(Work required) Starting with the opening line of the entries below, transcribe each line exactly up to and including the one that has "11850 Bay Rd, Harrison, OH 45030"; pictures are not copied.

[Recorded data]
**********
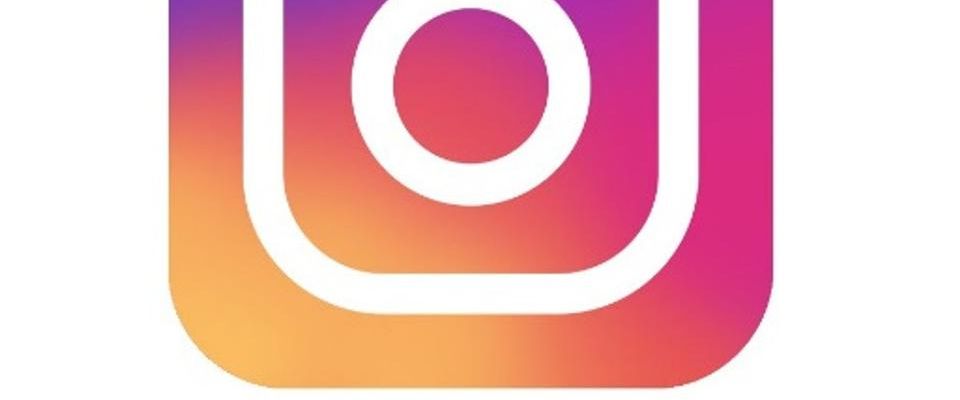 Wohnen mit Stil im Herzen von Kiel – 2,5-Zimmer-Wohnung in Toplage - Foto 1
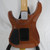 Used Jackson PC3 PHIL COLLEN Electric Guitar Red 6-String 41128-S000099676 View 4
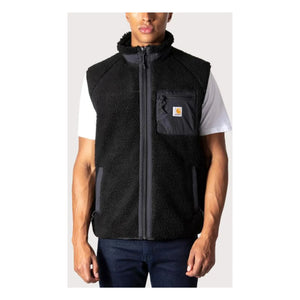 Carhartt WIP - Chaqueta Prentis | Negro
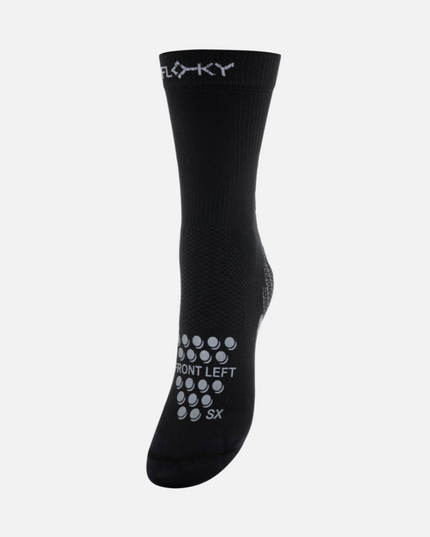 S-MASH Sock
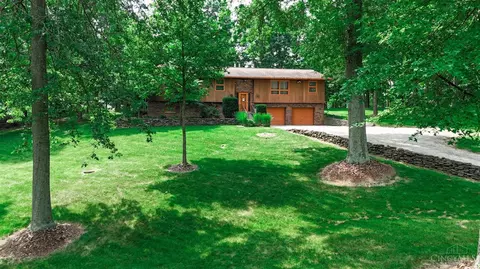 11850 Bay Rd, Harrison, OH 45030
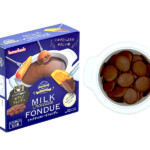 96f8c279247ab7579902bf9f58f69a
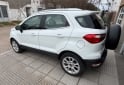 Autos - Ford Ecosport 2018 Nafta 97000Km - En Venta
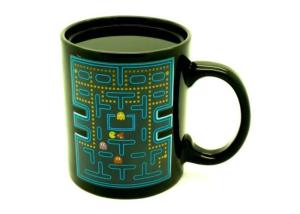 items_395320_4210_20141103174246_b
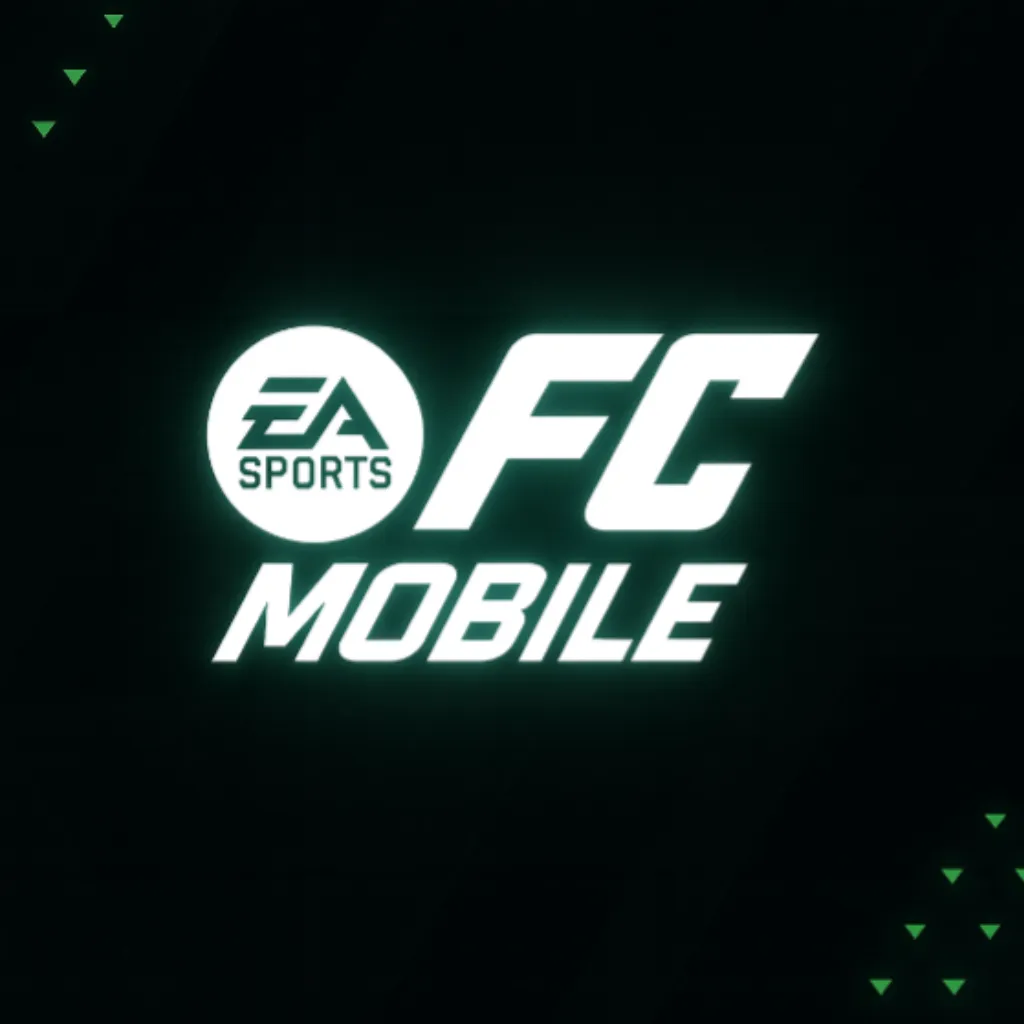 EA Sports FC Mobile Kuwait Silver 9,999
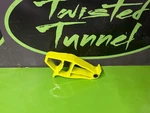 2017 Polaris Axys Rmk 800 Lime Squeeze Right Spindle Rh 1824041-630 18 19 20. Fixed Price $76.50.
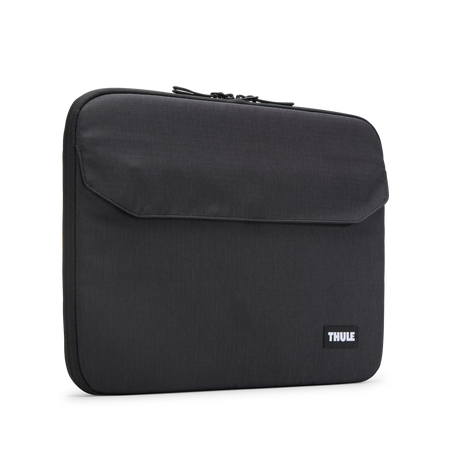 Etui na laptopa Thule Lithos MacBook Air 15″ – kolor czarny
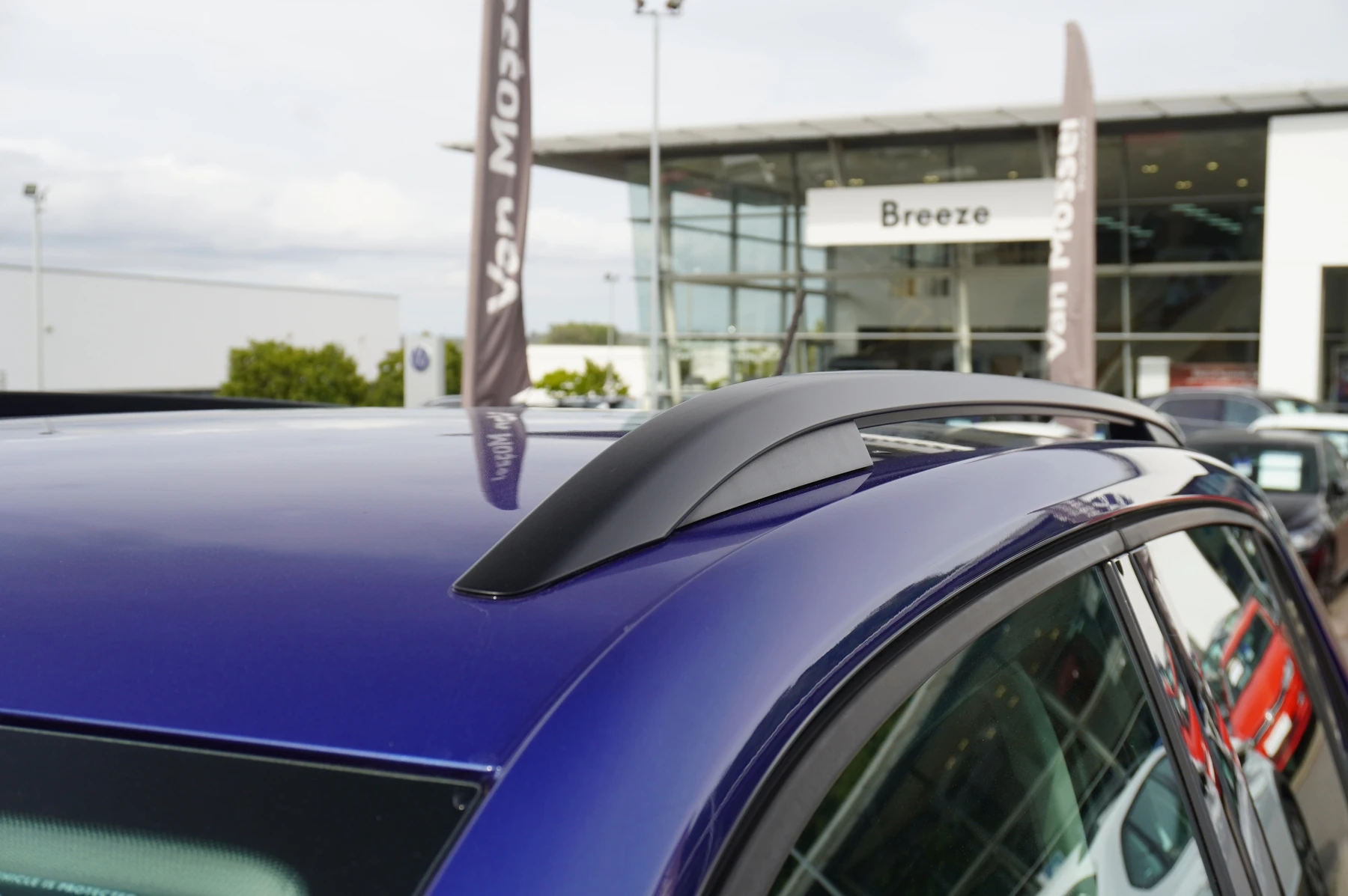 Volkswagen-T-Cross-image-36
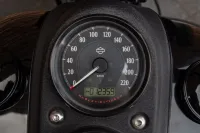 2016 Harley-Davidson FXDLS Low Rider S Dyna 110 Screamin Eagle *VERKOCHT*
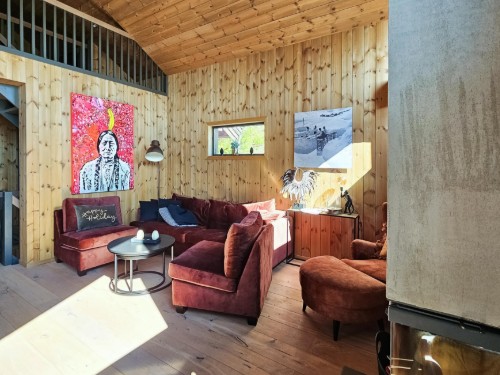 house-gallery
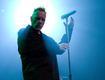 PiL live at LA, Club Nokia, USA, April 13th 2010 © River O'Mahoney Hagg / Public Image Ltd 2010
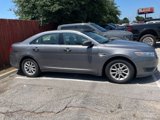 Used 2014 Ford Taurus SE image 6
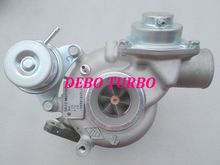 Turbocompresor MHI TF035HM 49135-07860 10041143, turbocompresor auténtico para gasolina SAIC, ISTANA, MPV,D162, 1,8 T, 160HP, nuevo 2024 - compra barato
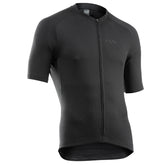 Maglia uomo Force 2 Jersey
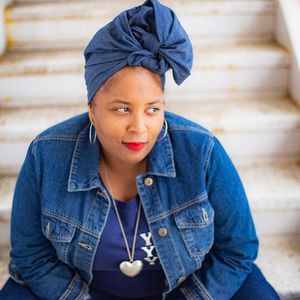 Meet your Posher, Takeyia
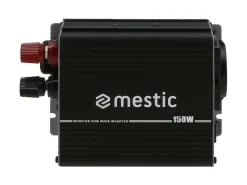 Mesic MMI-150 modifiziert Wechselrichter - 150 Watt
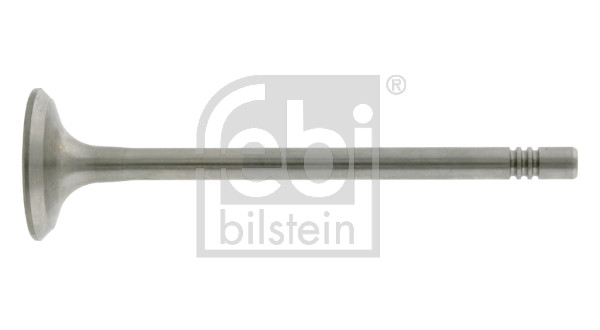 Auslassventil - 21016 FEBI BILSTEIN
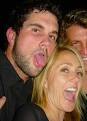 Is MATT LEINART Reuniting With Pete Carroll? - Seattle News - The ...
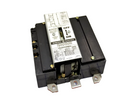 CR160MC9102A General Electric Lighting contactor 225A - Essential Electric Supply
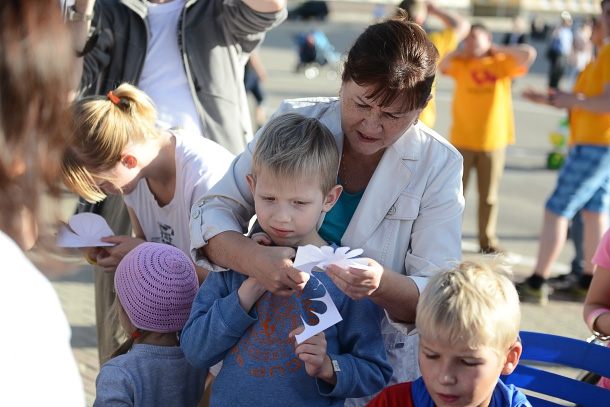 KBV_9092.jpg KBV_9092.jpg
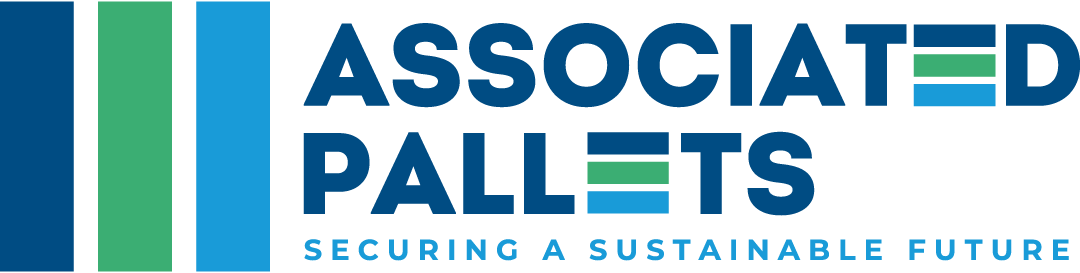Plastic Pallets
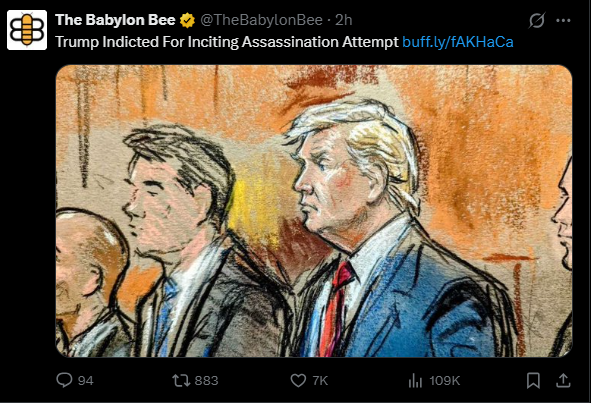 Robert M Jordan tweet media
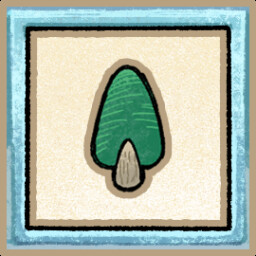 Forest Awakening icon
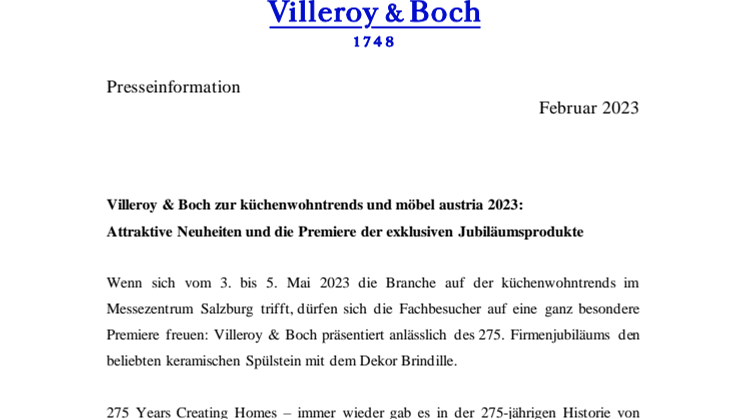 VuB_küchenwohntrends Vorbericht_2023_dt.pdf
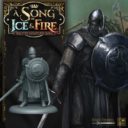 CoolMiniOrNot_A Song of Ice and Fire The Miniature Game House Stark Preview 1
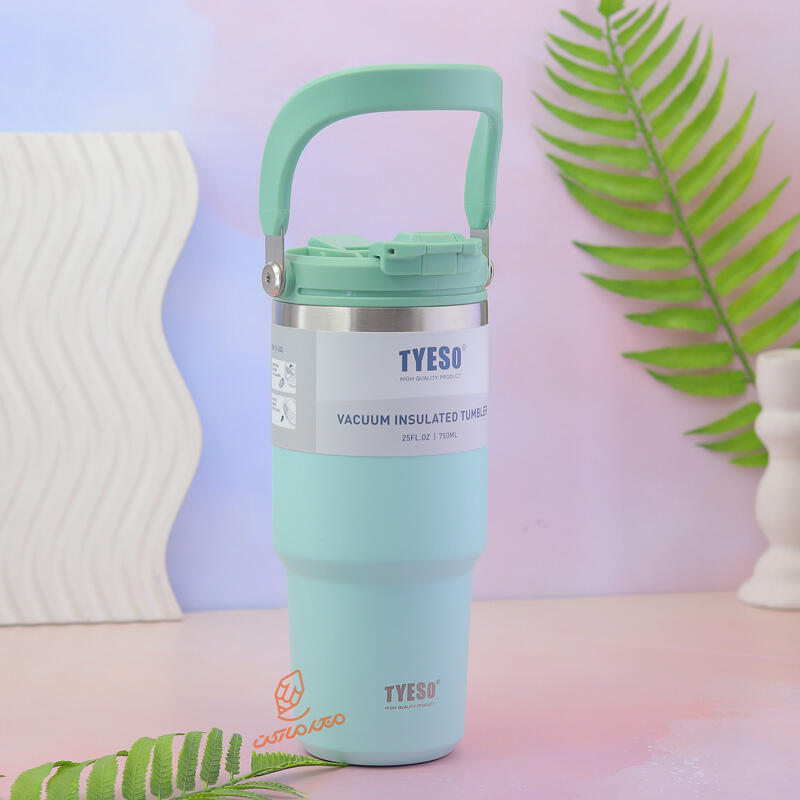  تراول ماگ دسته دار 750 میل کد 01023 تایسو TYESO (6).jpg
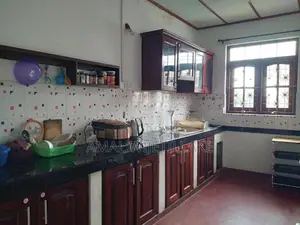 Rooms for Rent in Maharagama (Only Girls)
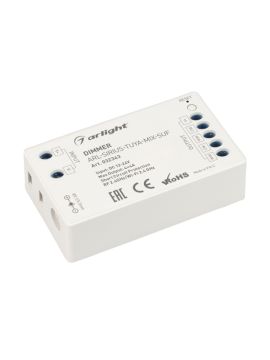 Диммер Arlight Sirius [2.4G] 032343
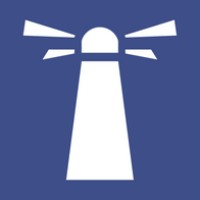 alejandrIA logo - Similar company to Tesis Une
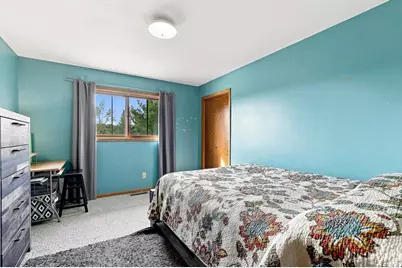 4308 Kubisiak Drive, Amherst, WI 54406 - Photo 23
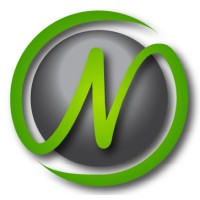 Nomerel logo - Similar company to Department Of Management Science And Information Systems (Msis)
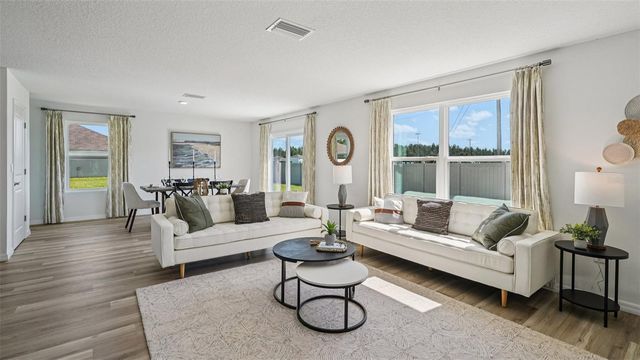 4683 SW 51ST DRIVE, Gainesville, FL 32608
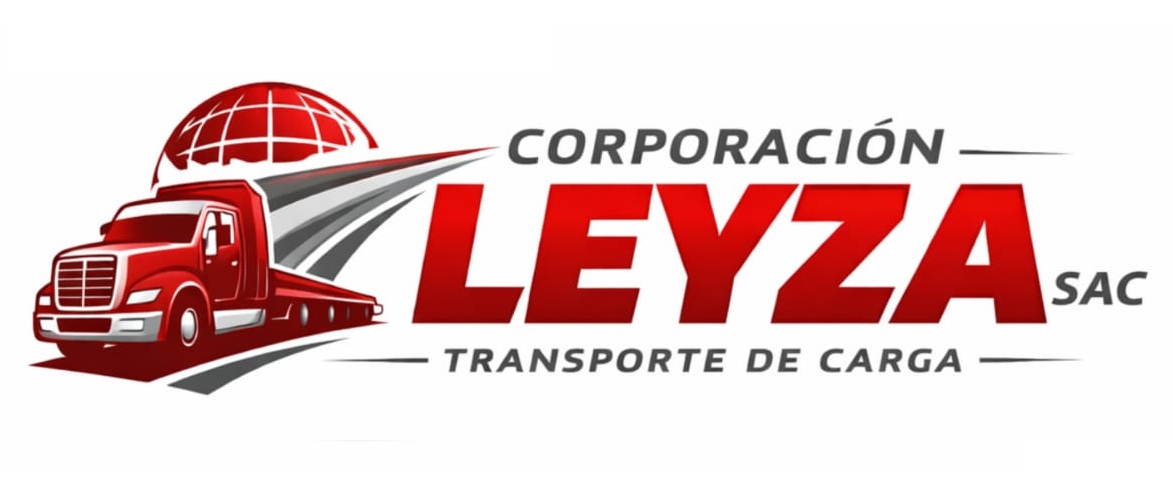 Corporacion Leyza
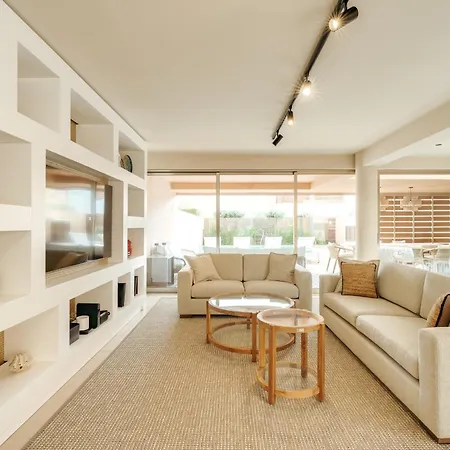 Salgados Premium By Da'home Villa *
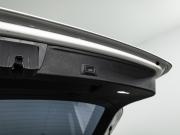 Audi A4 V (B9) Санкт-Петербург  - изображение 42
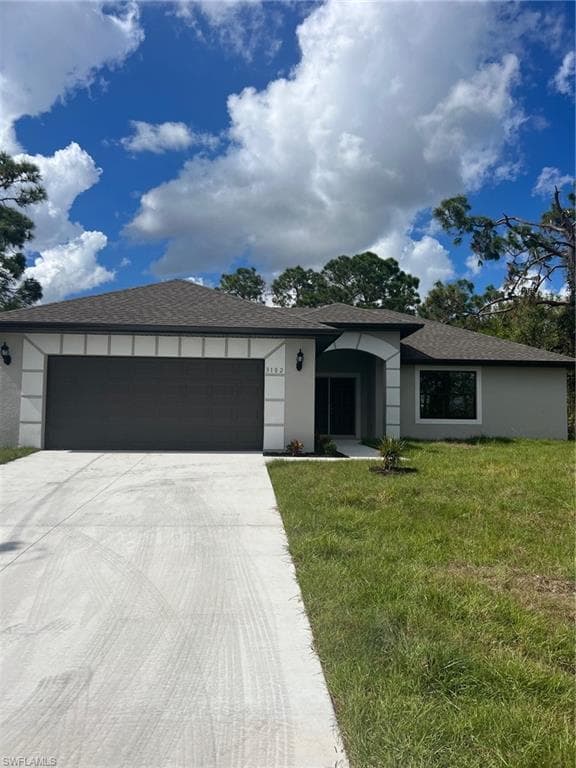 4008 35th ST SW LEHIGH ACRES, FL 33976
**********
(Response)
 Wohnen mit Stil im Herzen von Kiel – 2,5-Zimmer-Wohnung in Toplage - Foto 1
 Used Jackson PC3 PHIL COLLEN Electric Guitar Red 6-String 41128-S000099676 View 4
 Carhartt WIP - Chaqueta Prentis | Negro
 S-MASH Sock
 11850 Bay Rd, Harrison, OH 45030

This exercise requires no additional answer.